DATA FOR THIS TASK:
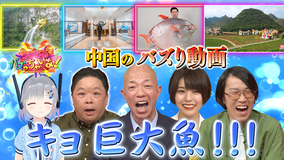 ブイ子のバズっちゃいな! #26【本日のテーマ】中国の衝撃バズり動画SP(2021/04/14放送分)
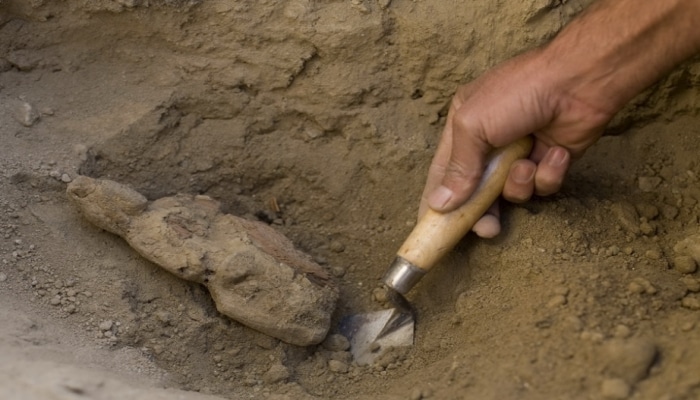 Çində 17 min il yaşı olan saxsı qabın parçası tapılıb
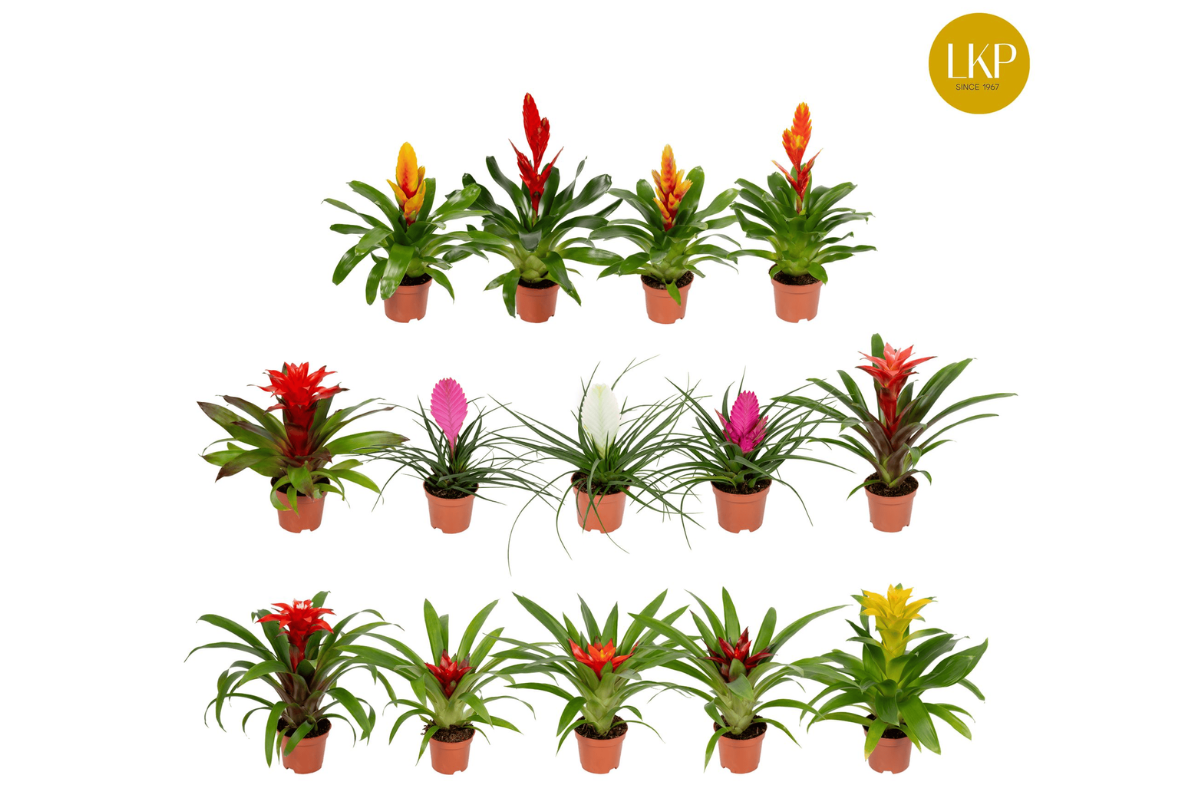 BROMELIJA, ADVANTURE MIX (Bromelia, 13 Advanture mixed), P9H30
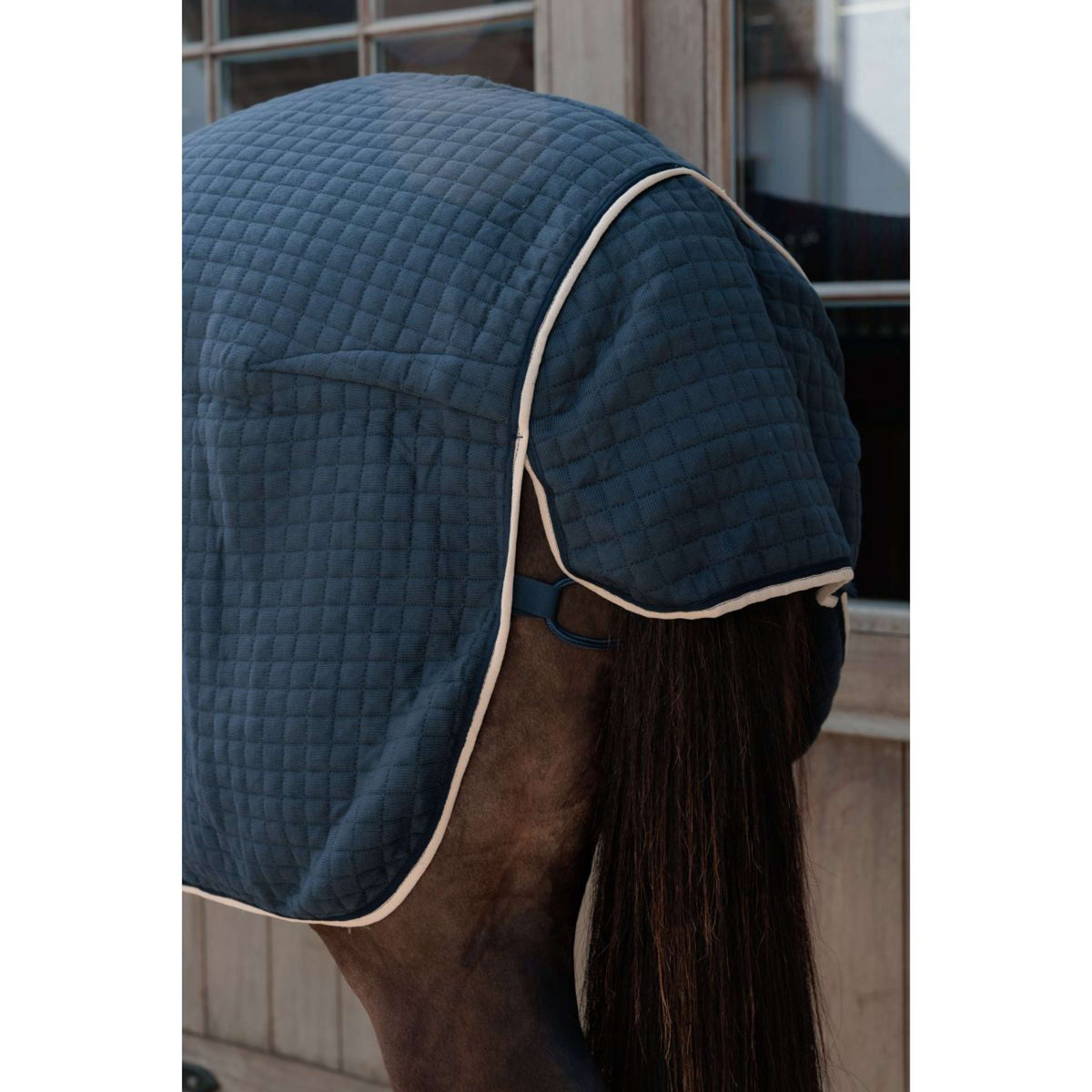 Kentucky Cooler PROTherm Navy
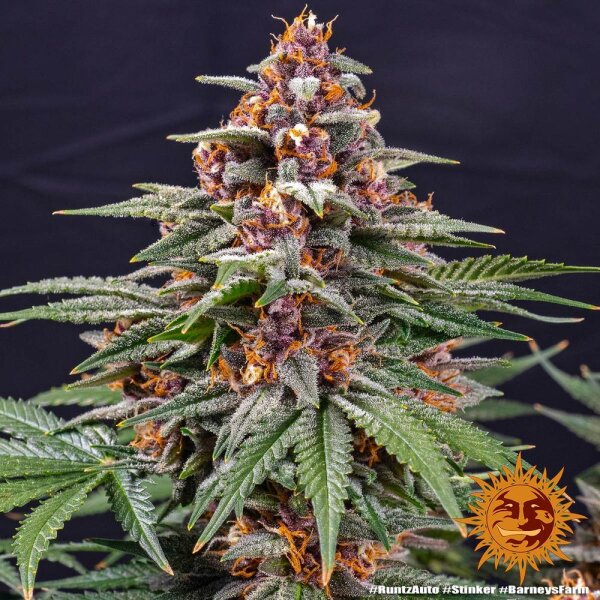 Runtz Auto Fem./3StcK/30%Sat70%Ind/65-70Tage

--

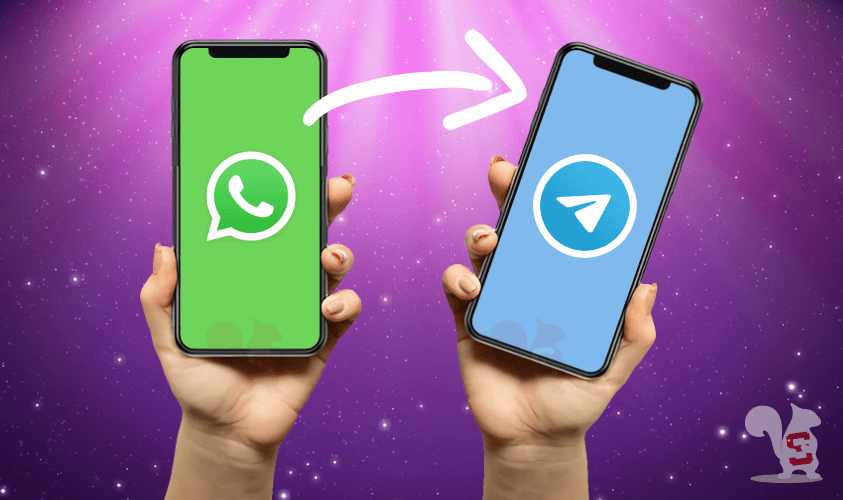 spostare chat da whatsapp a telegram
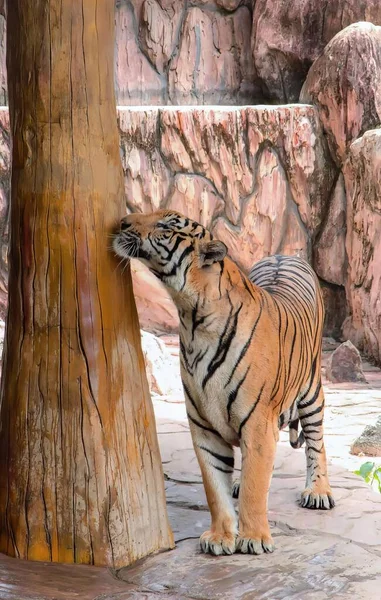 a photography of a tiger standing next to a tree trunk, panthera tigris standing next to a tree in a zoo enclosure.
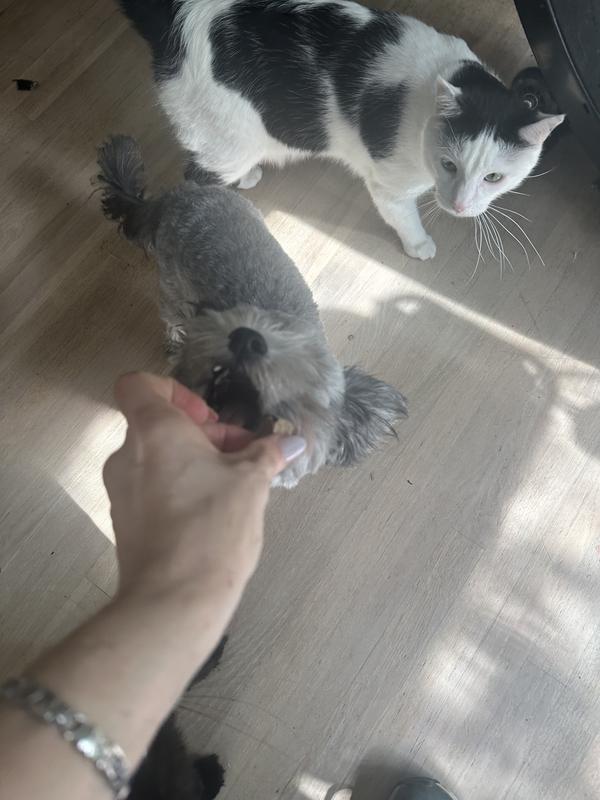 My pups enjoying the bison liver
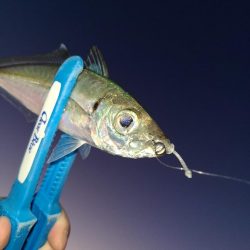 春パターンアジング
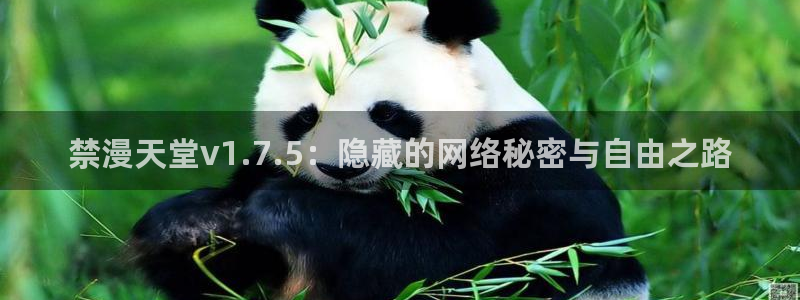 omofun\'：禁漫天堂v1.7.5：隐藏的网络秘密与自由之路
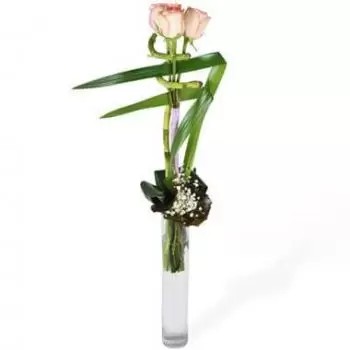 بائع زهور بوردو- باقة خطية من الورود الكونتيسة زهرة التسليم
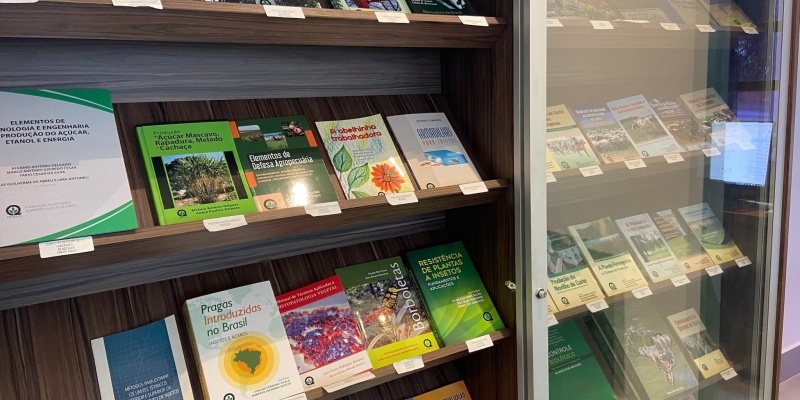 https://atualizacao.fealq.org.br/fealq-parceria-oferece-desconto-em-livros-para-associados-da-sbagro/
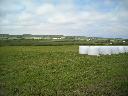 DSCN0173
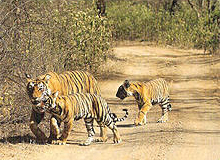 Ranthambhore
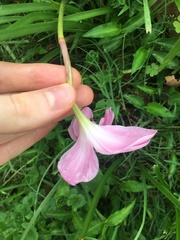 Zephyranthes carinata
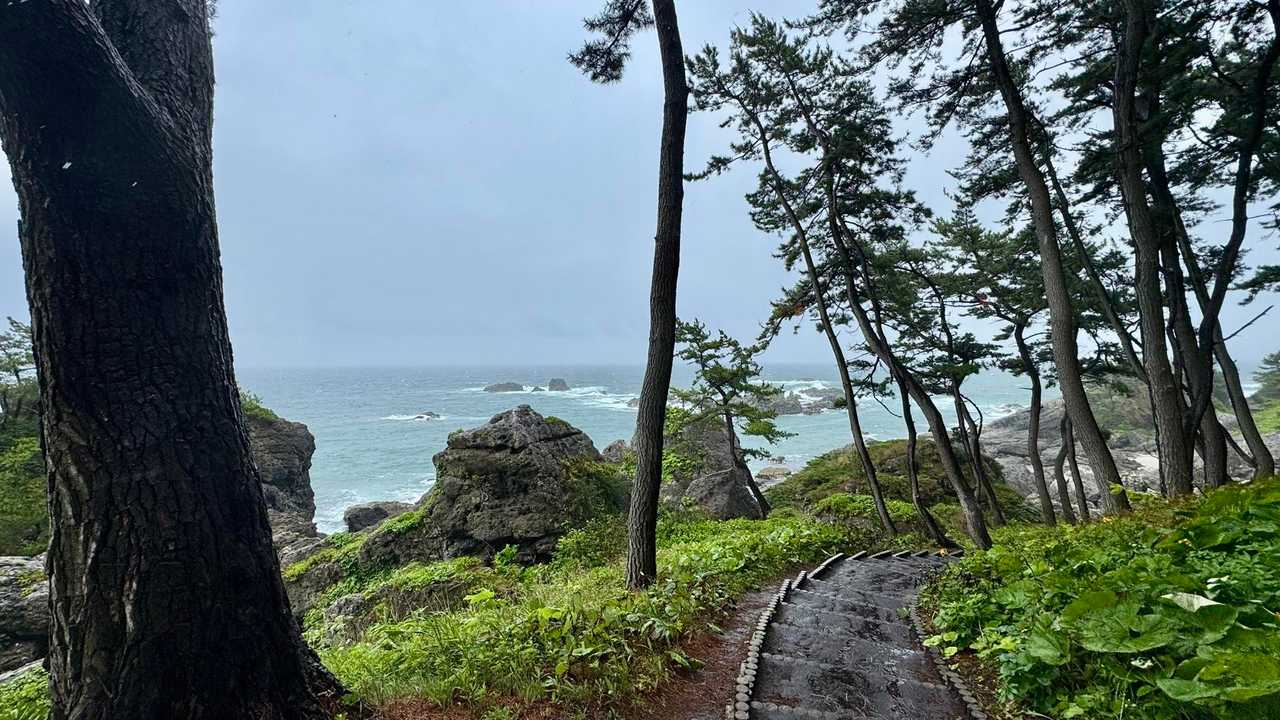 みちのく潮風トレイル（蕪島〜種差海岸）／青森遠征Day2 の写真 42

ASSIGNMENT: Take only the lines above from the one that has "omofun\'：禁漫天堂v1.7.5：隐藏的网络秘密与自由之路" through the one that has "みちのく潮風トレイル（蕪島〜種差海岸）／青森遠征Day2 の写真 42" and reproduce them exactly, omitting any pictures.

WRITTEN RESPONSE:
 omofun\'：禁漫天堂v1.7.5：隐藏的网络秘密与自由之路
 بائع زهور بوردو- باقة خطية من الورود الكونتيسة زهرة التسليم
 https://atualizacao.fealq.org.br/fealq-parceria-oferece-desconto-em-livros-para-associados-da-sbagro/
 DSCN0173
 Ranthambhore
 Zephyranthes carinata
 みちのく潮風トレイル（蕪島〜種差海岸）／青森遠征Day2 の写真 42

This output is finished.